There are two clear problems on why progress has been slow:
The first problem is conceptual
Within the world of social protection there is growing evidence on how interventions such as cash transfers impact child work. Yet very often studies reflect only sparsely on the role of work in children’s lives. Any type of engagement with work tends to be listed as child labour and something that social protection should aim to reduce.
Lack of clarity when using terms of child work and child labour combined with lack of nuance about harm and benefits of children’s engagement with work undermines the ability of social protection to adequately address harmful work. This is particularly true given the complex set of factors that feed into worst forms of child labour in areas such as in slum areas of Bangladesh. Poverty, social norms and lack of alternative opportunities leave children and families no other choice than be part of exploitative work. Much of this happens out of view from international companies and supply chains.

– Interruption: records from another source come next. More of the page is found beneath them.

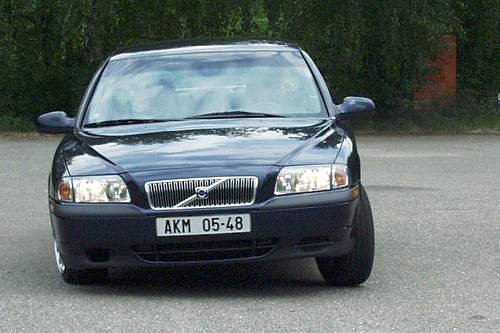 Volvo S80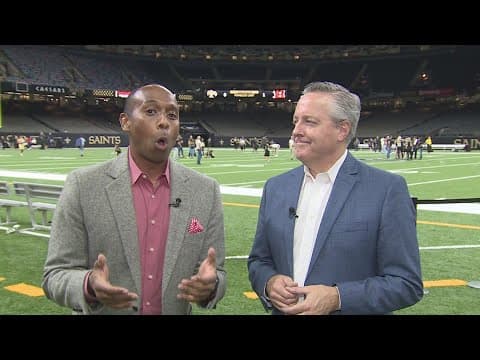 Saints-Bengals Recap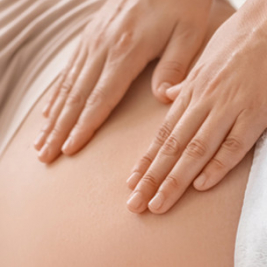 L’ostéopathie, l’alliée santé des futures (et jeunes) mamans.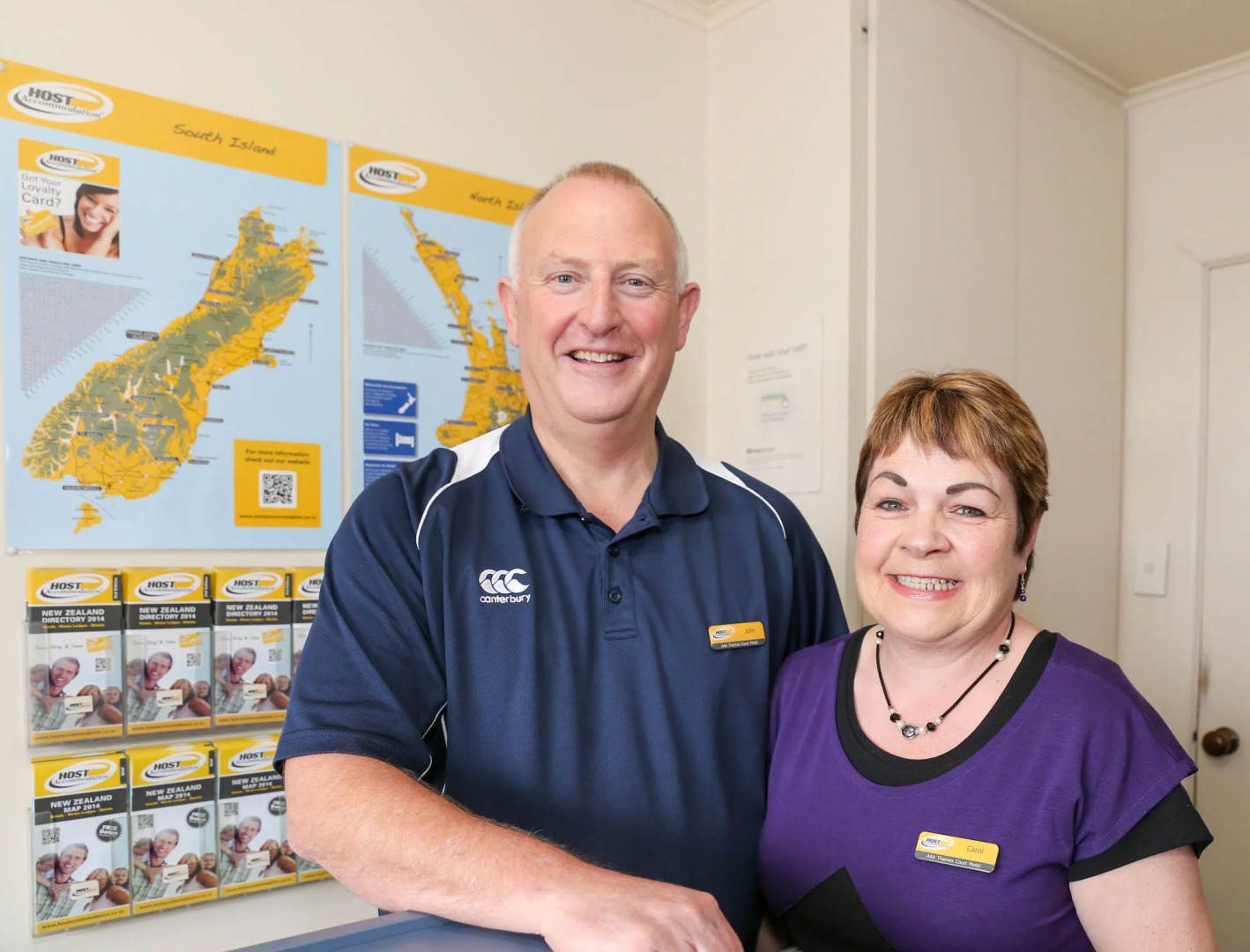 AAA Thames Court Motel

Indeed, based on the research emerging from CLARISSA, this is also the focus of our new campaign ‘The Small Business of Child Labour’. We are calling for a focus on the millions of working children caught in hidden, harmful and invisible spaces, often within thousands of small businesses mostly in the informal, unregulated sector.
The second problem is practical
The complexities surrounding children’s engagement in work, and especially harmful work, are likely to render traditional and top-down social protection interventions such as conditional cash transfers unsuccessful. For example, requiring children to stay away from work and go to school instead overlooks the reality that many children and their families derive important benefits from children’s work – not only in terms of income but also from a social and educational perspective.
A primary focus on changing the behaviour of children or families also ignores the fact that work takes place in small (often informal) business settings, where employment is often intertwined with housing arrangements and power dynamics at the community level.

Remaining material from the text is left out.